We had chosen this particular villa for the pool because my husband Sean and I had decided…we would use this holiday to teach Braeden to swim!

That afternoon, while Raegan napped and we had said goodbye to the arm float fairy, the three of us made our way through the weed-ridden, overgrown grass to the gated pool, the crickets chirping monotonously in our ears. After lavishing Braeden’s translucent and partially freckled skin with sunblock, he jumped into the pool with his undeniable zest to Sean, seemingly not noticing the absence of his familiar arm float buddies.

Sean started by having Braeden jump into the pool and swim to him directly, extending his distance from the pool’s edge after each jump to build his confidence. Next, hands holding on to the side of the pool, they practiced the difference between wild kicking and quiet kicking. Sean, in his intellectual way, attempted to “describe” the idea of swimming without using our arms—just floating on the waters surface, face down, quietly kicking.
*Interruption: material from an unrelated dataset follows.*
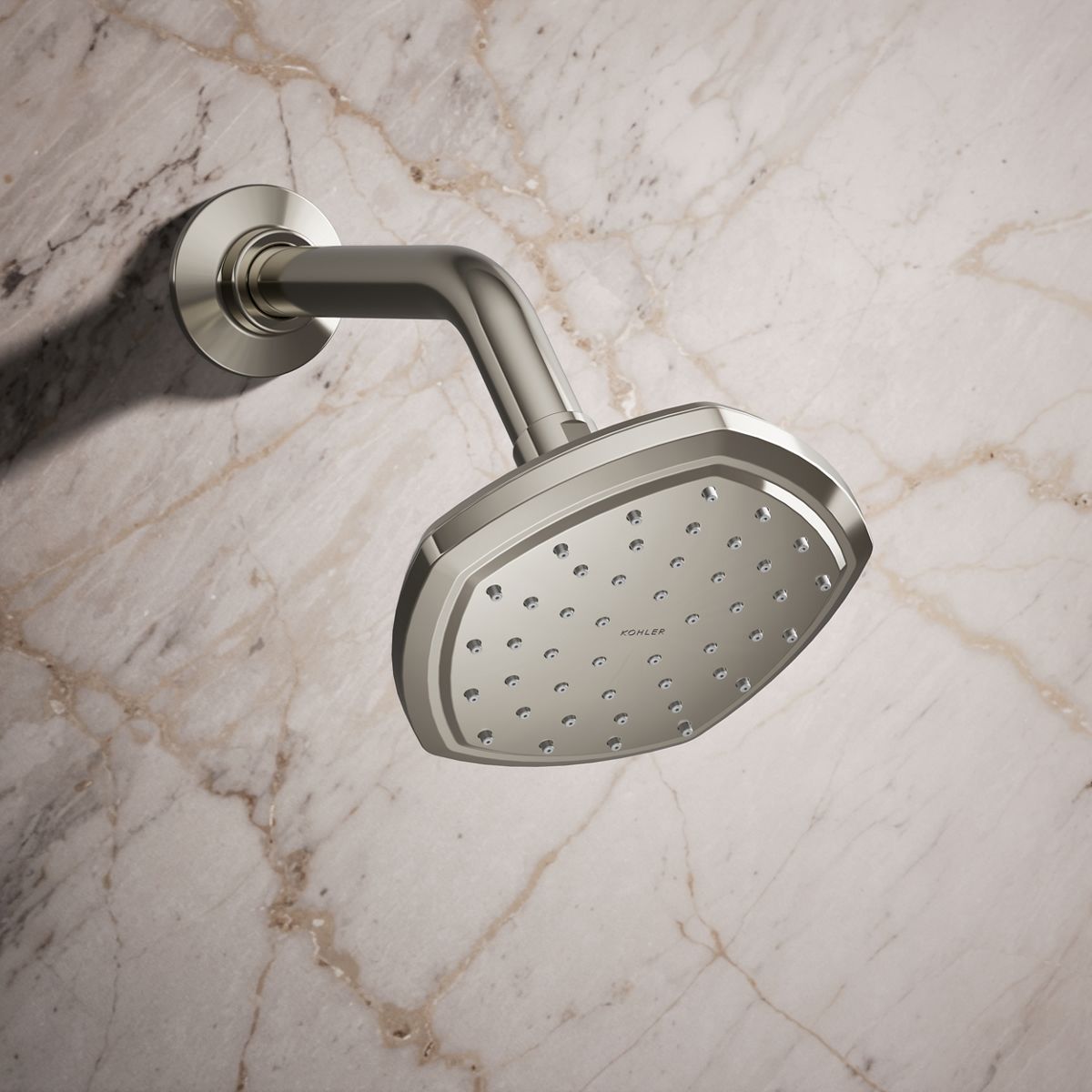 Occasion® Single-function showerhead, 1.75 gpm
I watched Braeden’s face for a sign that he was getting it. Not yet. 

After several failed or at best, faulty attempts, Braeden’s frustration started to take shape, initially, it bubbled under the surface like a small geyser. When would it blow? I watched intently. The bubbles started to swell and multiply. First as defiance, then tears. For the first time, swimming wasn’t fun for him anymore. His face held grief, his love momentarily lost. 

I could feel my own tension—that distinct motherly pull between wanting to make everything better and knowing there is a lesson to learn. Today, it was peppered with a little anger. Was Sean pushing him too hard? By now Braeden’s eyes begged me for rescue. I decided to suggest a break. We all needed one.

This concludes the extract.